Come i padri del deserto

Pubblicato il 22-08-2020

di Flaminia Morandi

Quando mi chiedono: come ha capito la sua vocazione? Bè, grazie a Hitler. Si parla tanto di vocazione, come se fosse solo una scelta drastica, diceva padre Tomáš Špidlík, (foto) e non semplicemente accogliere quello che Dio dispone per noi attraverso gli eventi della vita, anche quelli che non sembrano per niente illuminati da una luce divina. Špidlík è nato cent’anni fa a Boskowice, in Moravia. Nel 1939 la sua terra era stata occupata dai nazisti, le università erano chiuse. Lui, che amava studiare, faceva lavori forzati per i tedeschi. Era stata triste, la sera di Natale. «Con il padre e la madre abbiamo mangiato un pezzo di pane dolce con il caffelatte, senza parole.

Ero riuscito a evitare il campo di concentramento nazista, ma la mia vita sembrava spezzata. Non c’era speranza per i miei studi universitari e per il futuro si intravedeva una sola possibilità: i lavori forzati fuori della patria.
Per non pensarci, ho passato i giorni successivi pattinando selvaggiamente.
L’ultimo giorno la mamma mi ha detto: “Vai in chiesa!”. Ho obbedito più per disperazione che per devozione. E quando il parroco ha invitato il popolo a cantare il Te Deum per ringraziare il Signore per i beni ricevuti durante l’anno, sono rimasto di stucco: avrei dovuto ringraziare Dio per ciò che mi era avvenuto? Dopo un’esitazione l’ho fatto...».

Passano le feste, viene a trovarlo un compagno di scuola. Gli dice che ha deciso di entrare nei gesuiti, perché solo loro avevano dei ginnasi dove avrebbe potuto studiare matematica. «Accompagnami a Velehrad, dov’è il collegio». 150 chilometri in bicicletta.
Tomáš aspetta fuori che finisca il colloquio dell’amico. Arriva mezzogiorno.
Gli si avvicina un padre alto coi capelli bianchi: lei è uno studente? Sì. È venuto qui con un amico? Sì.
Vuole andare a pranzo? Sì. Era pieno di fame, quel sì. Diventa gesuita. Quel sì dà seguito a una vita impressionante per gli studi, gli scritti, i riconoscimenti in campo accademico e internazionale.

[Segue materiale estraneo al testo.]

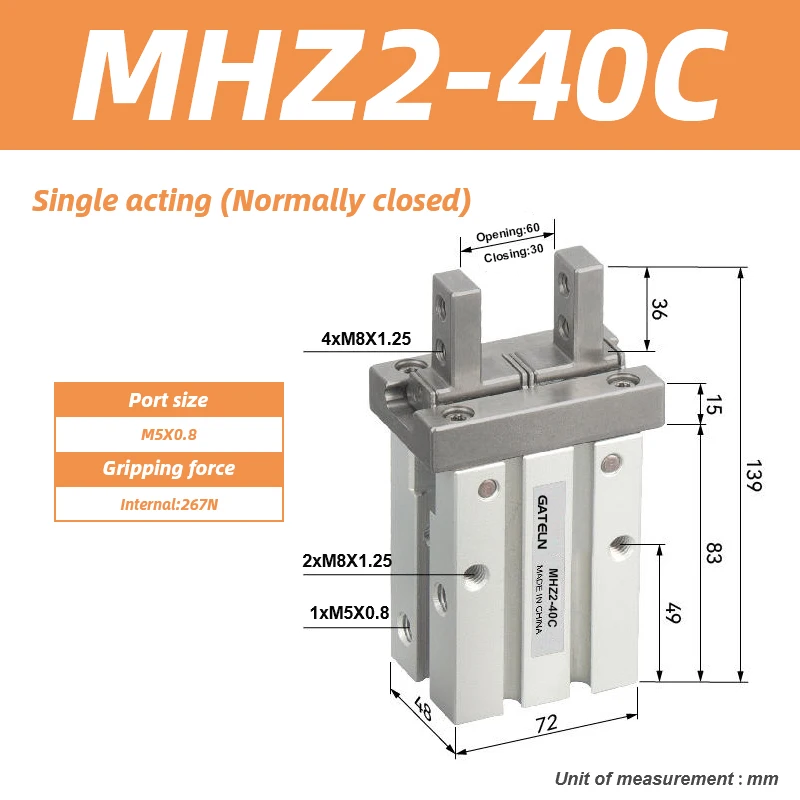 

Воздушный захват параллельного типа MHZ2-16S MHZ2-10S Одностороннего действия Нормально открытый MHZ2-16C MHZ2-10C Нормально закрытый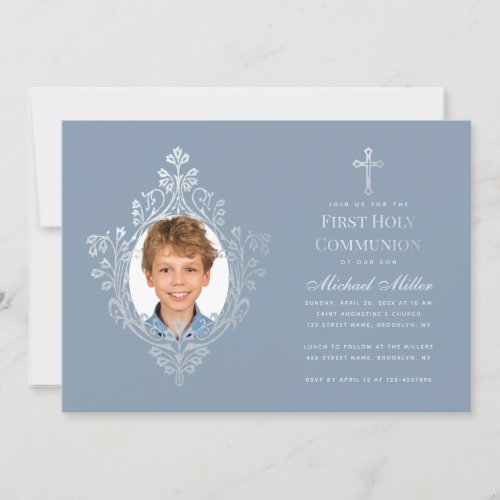 First Communion Boy Photo Dusty Blue Faux Silver Invitation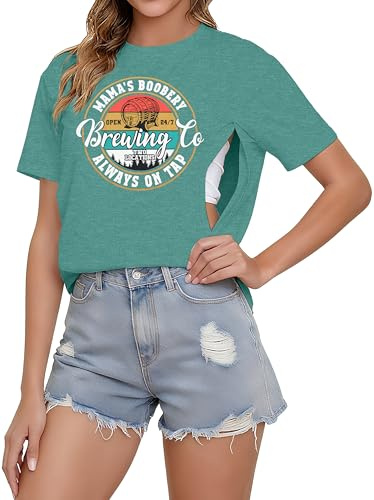 Women's Nursing Shirts for Breastfeeding Zipper Short Sleeves Mama Shirt Causal Maternity Nursing Graphic Tees Tops, Green, M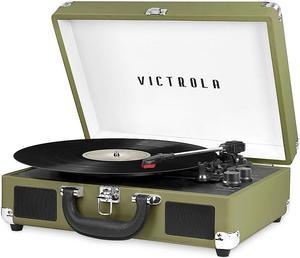 Victrola - Journey Bluetooth Suitcase Record Player with 3-speed Turntable - Green Olive (VSC-550BT-GRO)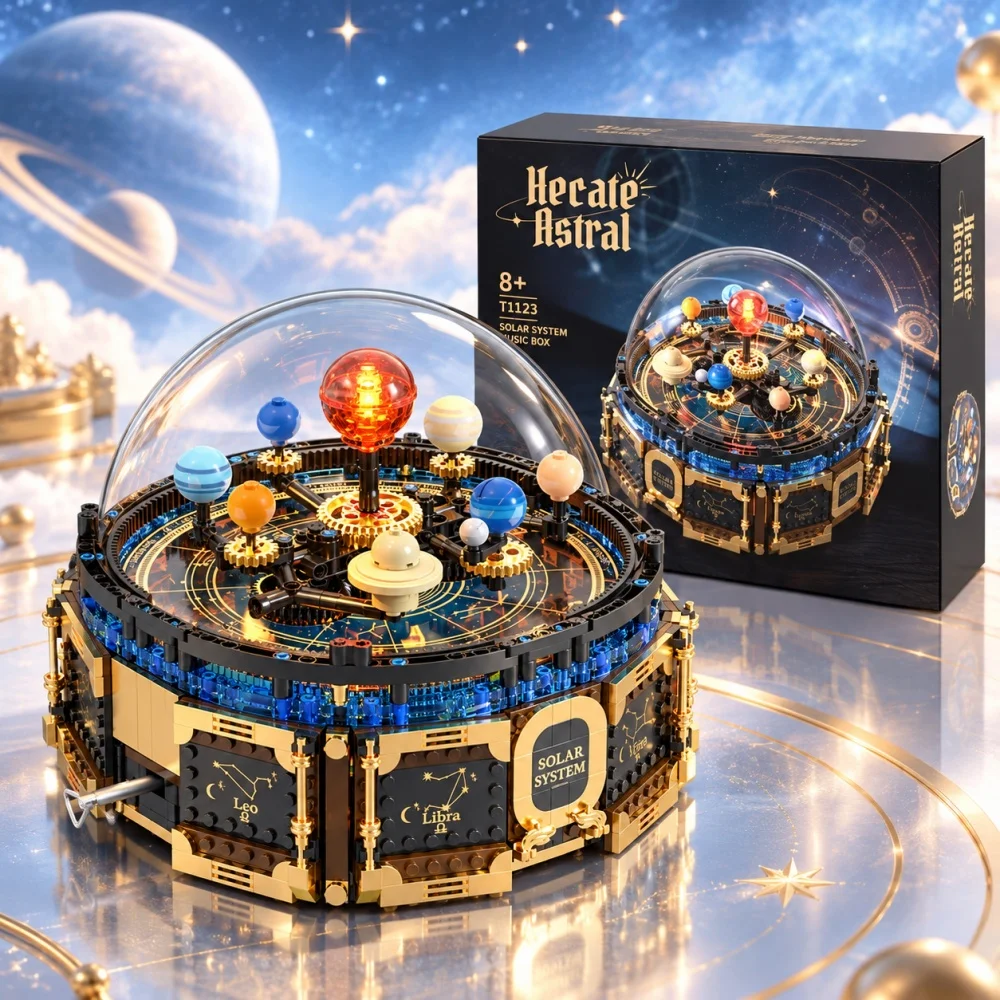 967pcs Solar System Music Box Blocks, Gear Rotation Space Exploration Model, Hands-on Science Educational, Creative Gift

È lui che ispira uno degli atti più ecumenici di Giovanni Paolo II, i mosaici della cappella Redemptoris Mater in Vaticano, simbolo dell’unione tra Oriente e Occidente, tra iconografia bizantina e arte occidentale, capolavoro di grande teologia. Predica gli esercizi spirituali in Curia nel 1995; nel 1999 papa Woytyjla lo crea cardinale; alla sua morte, il 16 aprile 2010, la salma viene benedetta in San Pietro da Benedetto XVI; è sepolto nel santuario di Velehrad, in Cekia. Padre Špidlík ha trasformato la teologia spirituale patristica e orientale, di cui è stato il più grande conoscitore al mondo, in una visione teologica vitale, profondamente incarnata nella vita reale.

Ha saputo comunicarla in modo semplice, diretto, pieno di spirito, con lo stile dei padri del deserto e degli starets orientali. Ha trasmesso gioia, amicizia, relazione: la vera teologia, quella che ha vissuto. Tutto è nato da un atto di obbedienza, da un sì pieno di fame, dalla lettura della propria storia con gli occhi di Dio. Che, se guardiamo bene, si serve anche del male. Persino di Hitler.